As we walked out of the classroom, I tried to explain to Monica that not all young Americans were like this. She looked at me, and once again I saw that same sad, pensive face I remembered from a street corner in East Berlin. She said, “John, please don’t explain anymore. I’ve been in America for three weeks now, and I’ve learned that this is a great and wonderful country. But because you have never lost your freedom, because you have never been conquered, because you have never had all your possessions taken from you, you are now willing to surrender your freedom, independence, and autonomy by inches. You simply don’t notice it, but, one inch at a time, it slips away.” She continued, “Those students in there—I feel sorry for them. No matter what they do when they grow up, many of them will always be acting like children.”

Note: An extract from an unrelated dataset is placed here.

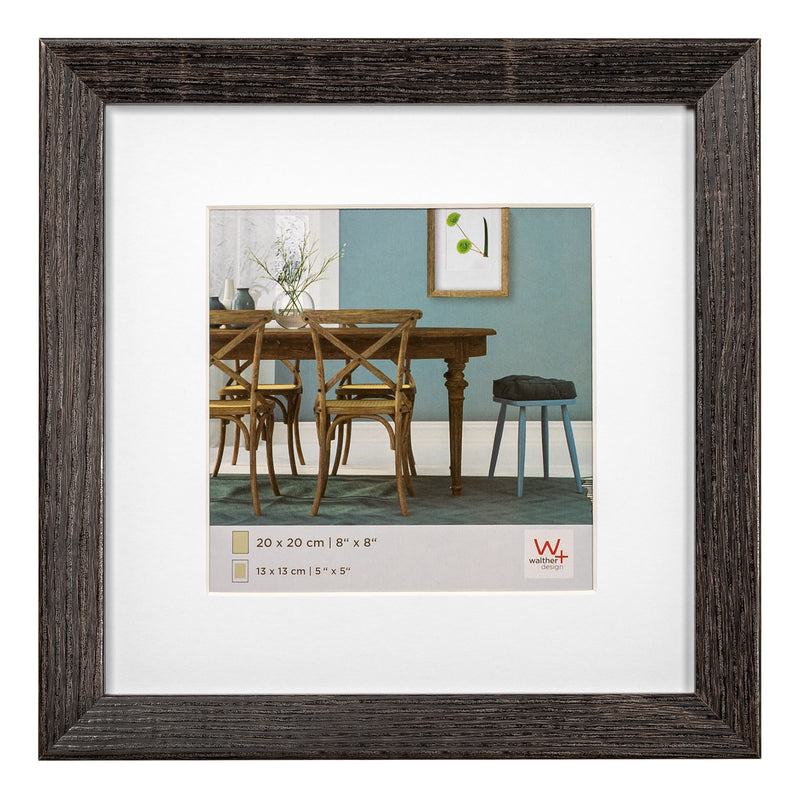 Fiorito hout 40x40 donkergrijs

Acting like children. Is that to be the description of our society? I hope not. As I noted earlier, there are so many historical and technological trends working in our direction. But what about our young people? Does it matter if they can run a computer if they don’t have an understanding of what this country is all about? Do they really have the ability to think for themselves? We are told that jobs in the future will be marvelous—unskilled workers can get jobs in supermarkets and because of electronic scanners won’t have to add or subtract. But that is not the America we want. It is not the America we had; it is not the America we have now.

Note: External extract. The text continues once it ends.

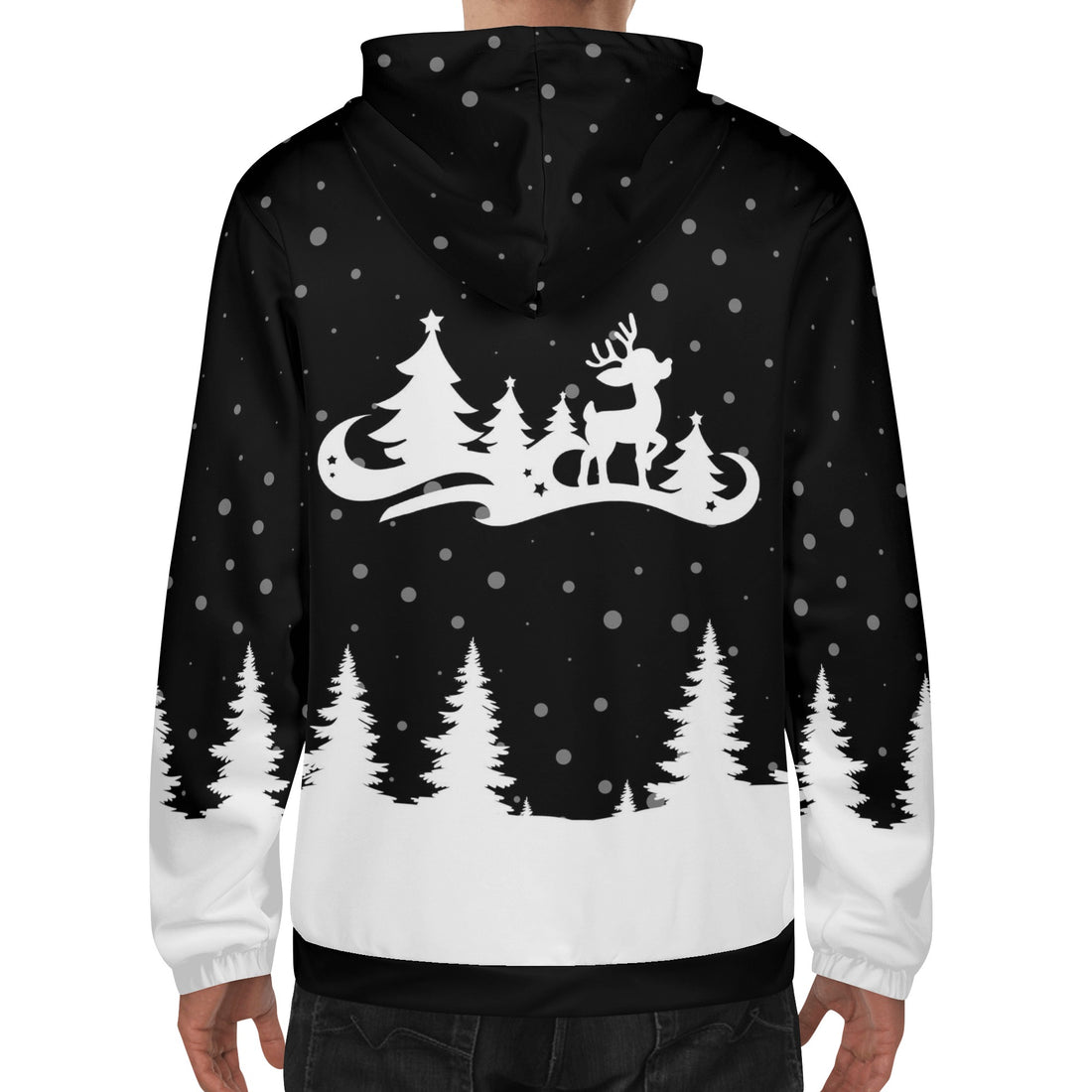 Mens Lightweight All Over Printing Hoodie Sweatshirt Christmas Home-clothes-jewelry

We have a personal and moral responsibility to ensure that everyone in this country receives a sound education. We can’t simply worry about the school across the street either; we have to worry about the schools across the nation. What makes for a good school? It doesn’t take a panel of experts or millions of dollars to figure it out. George Roche has proven it at the Hillsdale Academy and Hillsdale College. It takes good parental involvement in the early years. It takes a no-nonsense approach to basics. It takes discipline. It takes love. It takes concern for the individual student. It takes personal responsibility—on the part of students, parents, teachers, and administrators.

Thinking for Ourselves

And it takes freedom. The public school monopoly has to be ended, and genuine competition has to be restored. The National Education Association’s numberone priority isn’t quality education. It is its members’ financial and political power. American Federation of Teachers President Al Shanker, who was one of this century’s best labor union presidents, once openly admitted, “I will begin to care about the quality of children’s education in this country when they start paying union dues.” Now, this may shock you, but it really shouldn’t surprise you.

Since 1962, when teachers were first allowed to unionize, the public school system has been a system that benefits and answers to the producers of education, not the consumers. Eighty-eight percent of the schools in America are public schools, and 75 percent of the teachers are union members.

The good news is that in the last few years people have started to make a distinction between teachers and teacher unions. The NEA can no longer get away with saying that its interests are the interests of the nation.

And this brings us back to the story of Monica. She came back to America in 1996. I took her to several charter schools that, although they are still public schools, are free of a lot of bureaucratic regulation. She came back with a much different impression. So there is hope.

One of the greatest gifts we can give to succeeding generations is the ability to think for themselves, and that means challenging the government monopoly of thought in education directly. It will be a struggle. All it takes is a trip to the ruins of the Berlin Wall to remind us that governments never give up power voluntarily. It is up to us to reassert our rights and recover our responsibilities.